Records excerpted from a collection:
===============

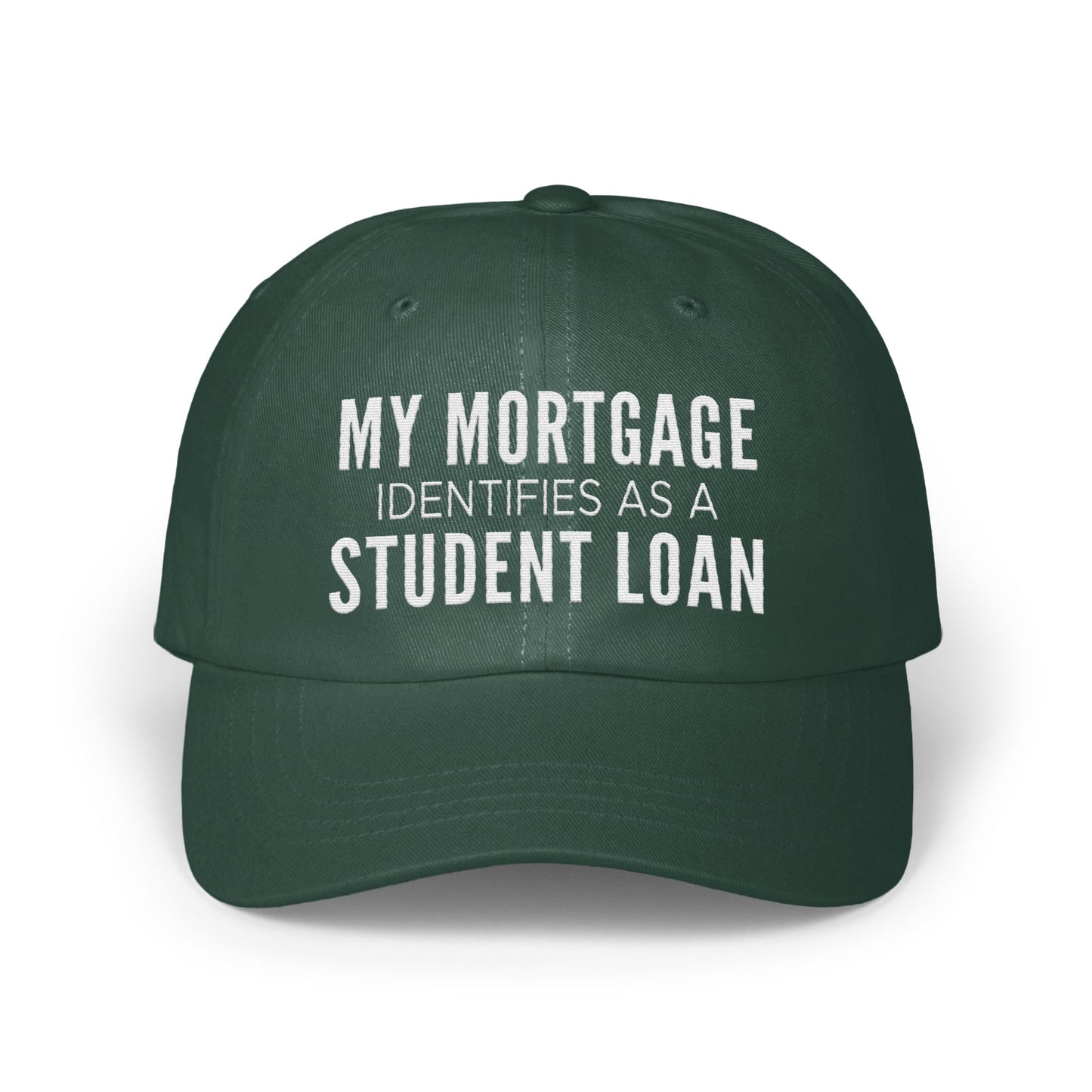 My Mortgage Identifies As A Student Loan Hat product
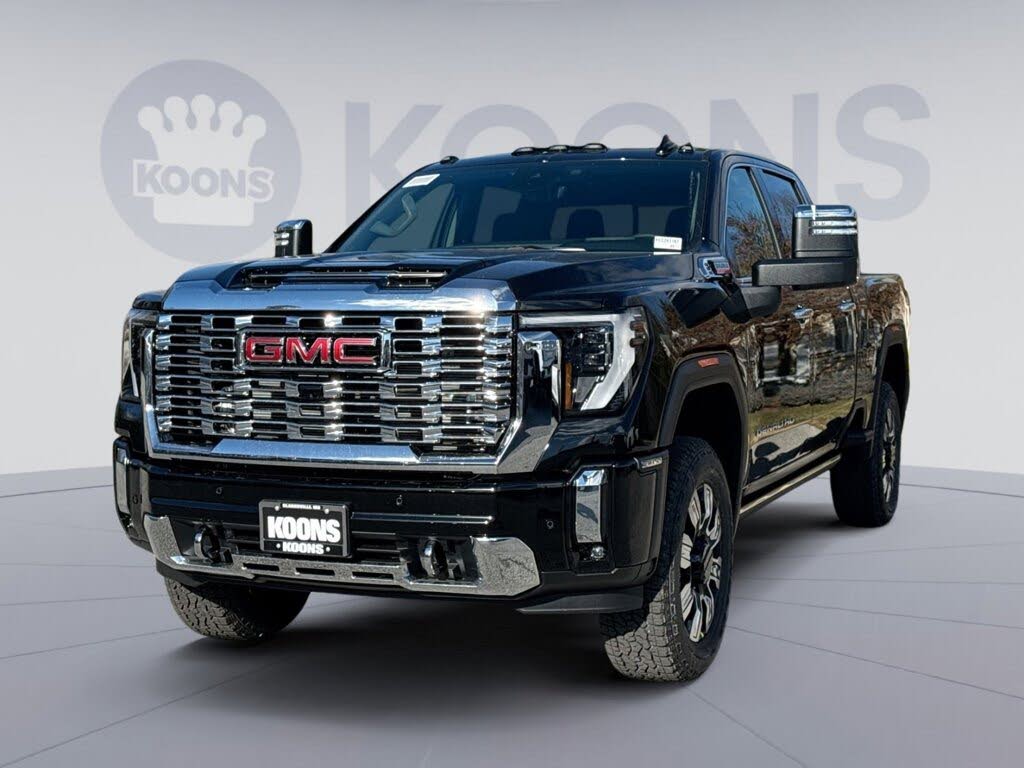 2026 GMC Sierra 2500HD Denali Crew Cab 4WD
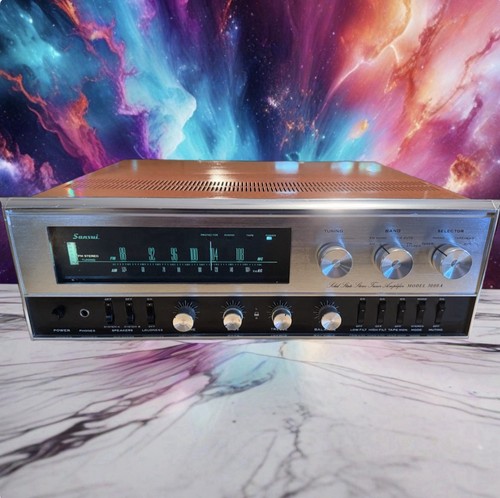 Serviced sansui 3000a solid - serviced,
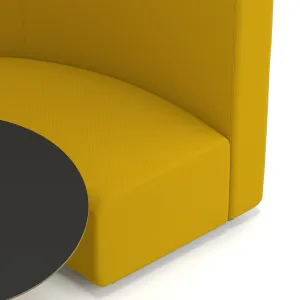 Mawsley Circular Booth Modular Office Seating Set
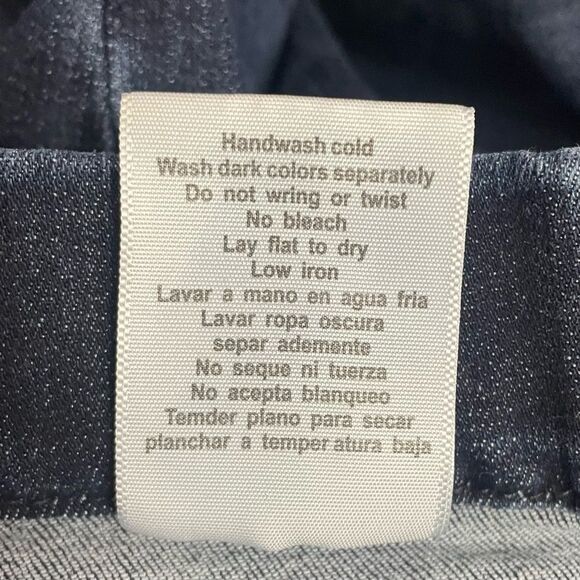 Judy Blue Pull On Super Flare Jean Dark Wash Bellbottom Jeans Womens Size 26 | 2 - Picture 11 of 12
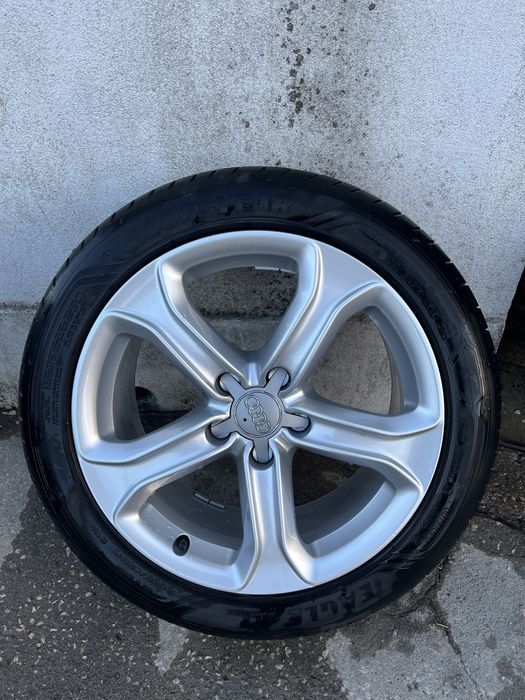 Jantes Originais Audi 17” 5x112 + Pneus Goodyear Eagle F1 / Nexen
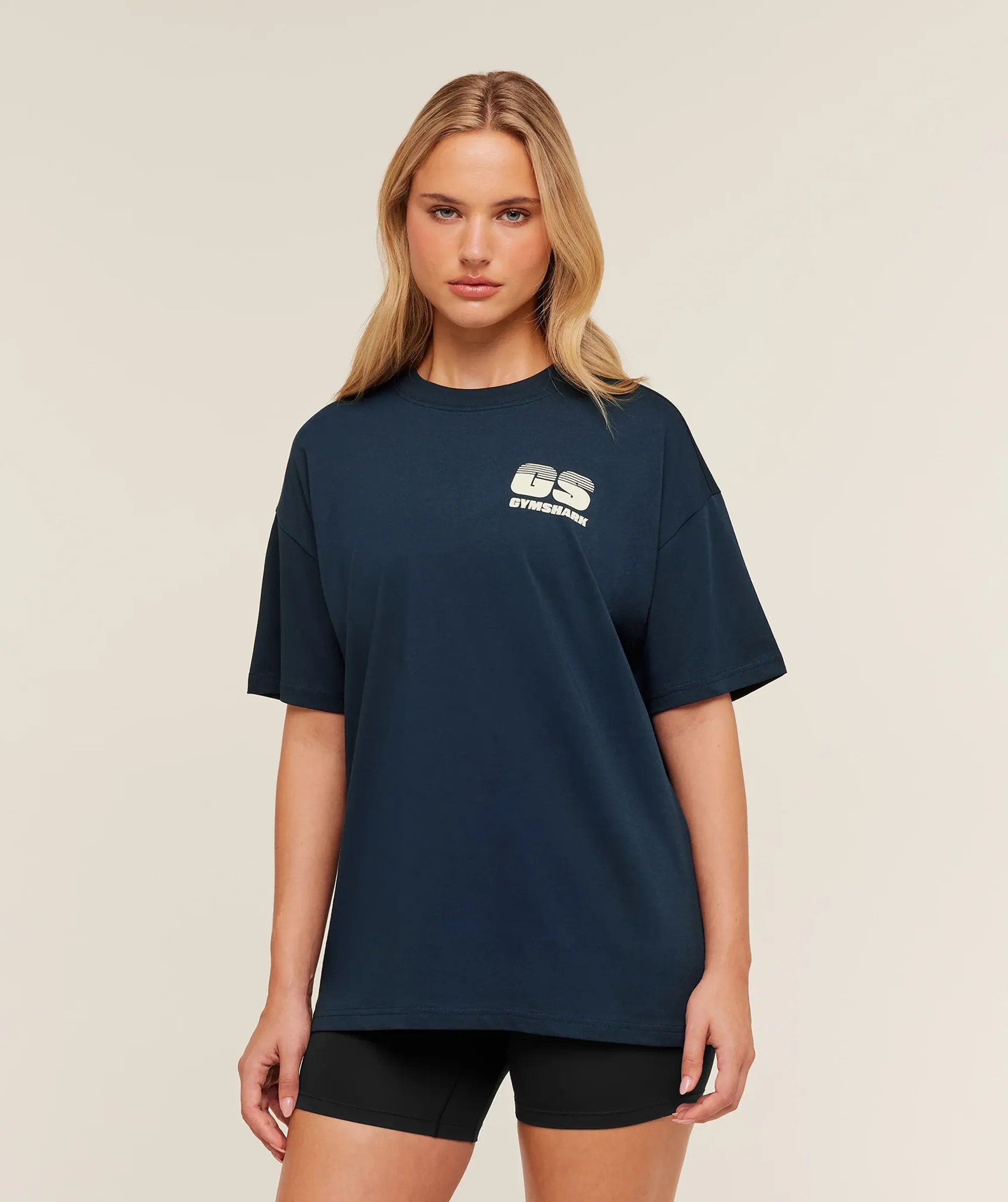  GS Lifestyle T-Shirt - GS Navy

===============

- Directions
The answer must consist solely of the lines from the one with "2026 GMC Sierra 2500HD Denali Crew Cab 4WD" through the final line of the data, each reproduced exactly and with pictures omitted.

- Your response
 2026 GMC Sierra 2500HD Denali Crew Cab 4WD
 Serviced sansui 3000a solid - serviced,
 Mawsley Circular Booth Modular Office Seating Set
 Judy Blue Pull On Super Flare Jean Dark Wash Bellbottom Jeans Womens Size 26 | 2 - Picture 11 of 12
 Jantes Originais Audi 17” 5x112 + Pneus Goodyear Eagle F1 / Nexen
  GS Lifestyle T-Shirt - GS Navy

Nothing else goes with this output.